Review: The Toothless Satire of “I’m Sorry” and “Friends from College” |

Review: The Toothless Satire of “I’m Sorry” and “Friends from College” |

“I’m Sorry” (truTV) is cringe comedy you can unwind with. Its creator and star is Andrea Savage, whose onscreen alter ego is a comedy writer, harried mom, and full-time potty mouth. Her show assuages middle-aged, upper-middle-class anxiety with easy-listening raunch. Its filth is gently cleansing—exactly as coarse as an exfoliating scrub.

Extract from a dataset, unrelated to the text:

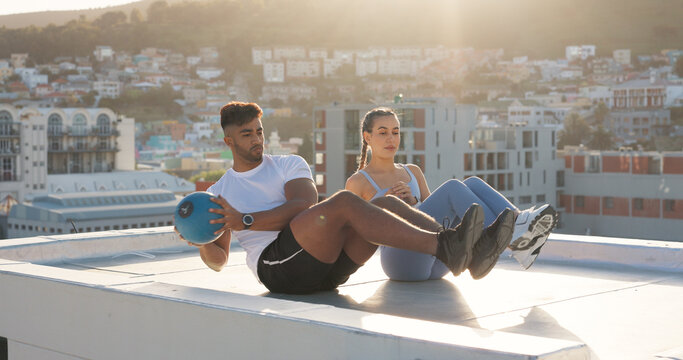 Health, medicine ball and fitness with couple in city for training, sports and support. Wellness, workout and exercise with man and woman on rooftop for challenge, teamwork and motivation together - Powered by Adobe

Savage’s character, Andrea Warren, lives in golden-toned Los Angeles with her lawyer husband, Mike (Tom Everett Scott) and their kindergartner daughter. The sensible spouse and inquisitive offspring are foils for Andrea, and help ground the show as a domestic sitcom that usually climaxes in a lesson of the week. The show’s exactingly zany protagonist makes like a wacky neighbor in her own home. This comedy writer is always on—not telling jokes, necessarily, but batting around premises, test-driving affectionate insults, noodling with slight material. She never snaps out of the mode of sitting around a coffee shop with her writing partner or hanging out with her comedy friends at a party, where they wallow in “our adorable state of arrested development,” as she puts it.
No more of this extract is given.